[Opening Data for the task section]

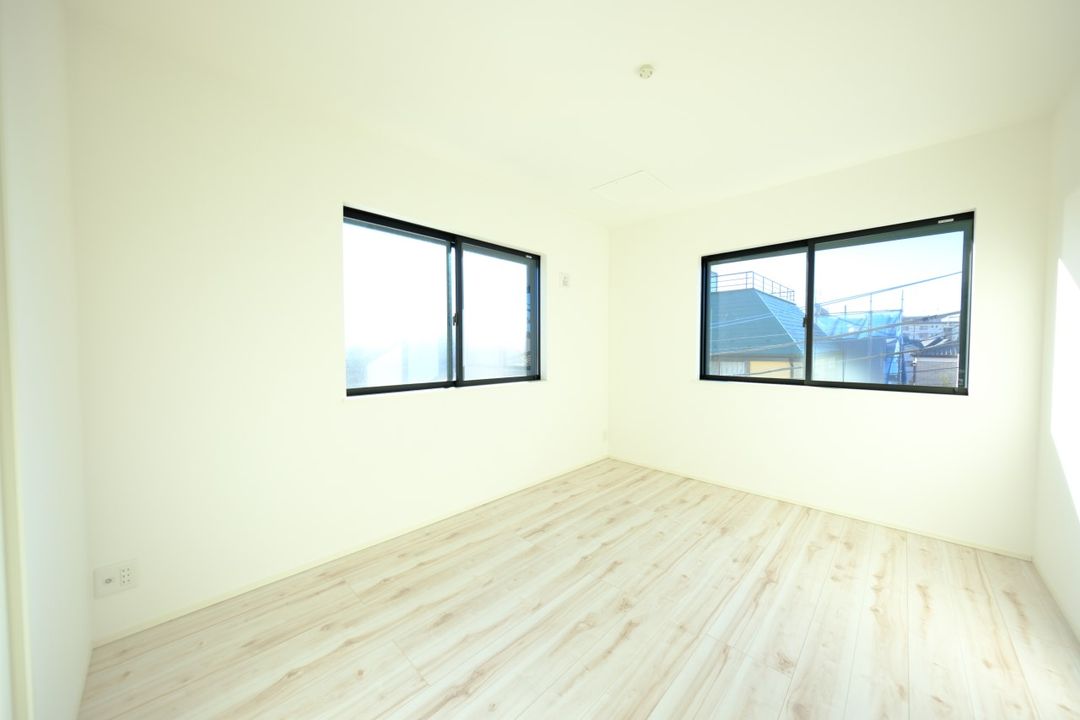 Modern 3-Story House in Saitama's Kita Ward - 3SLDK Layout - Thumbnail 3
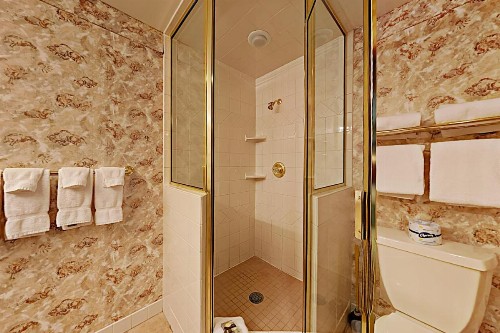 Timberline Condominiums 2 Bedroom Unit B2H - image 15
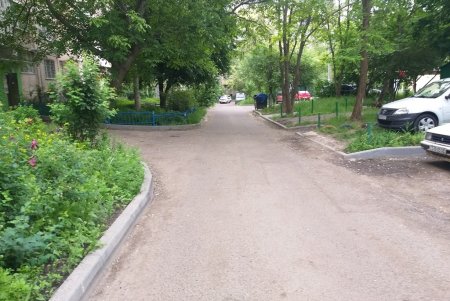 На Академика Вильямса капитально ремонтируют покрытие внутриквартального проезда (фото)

[Closing Data for the task section]
[Opening Data for the task section]

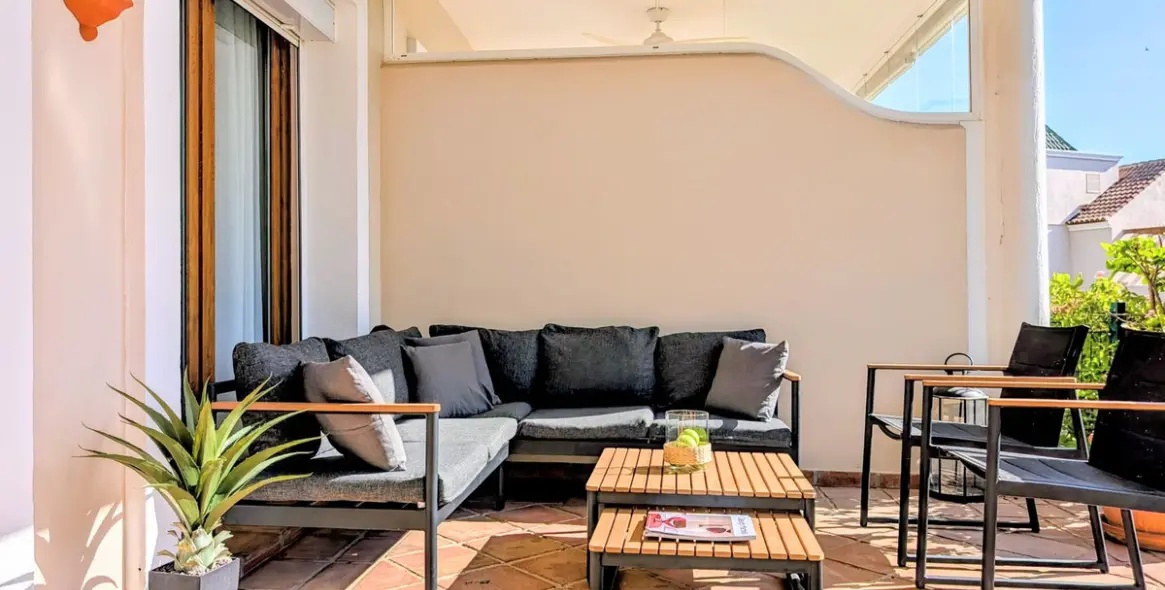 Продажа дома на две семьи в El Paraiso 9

[Closing Data for the task section]

Task brief |
Using the data above, which lines fall from the one with "Timberline Condominiums 2" through the one with "На Академика Вильямса"? Repeat them exactly, ends included, minus any pictures.

Response for this exercise |
 Timberline Condominiums 2 Bedroom Unit B2H - image 15
 На Академика Вильямса капитально ремонтируют покрытие внутриквартального проезда (фото)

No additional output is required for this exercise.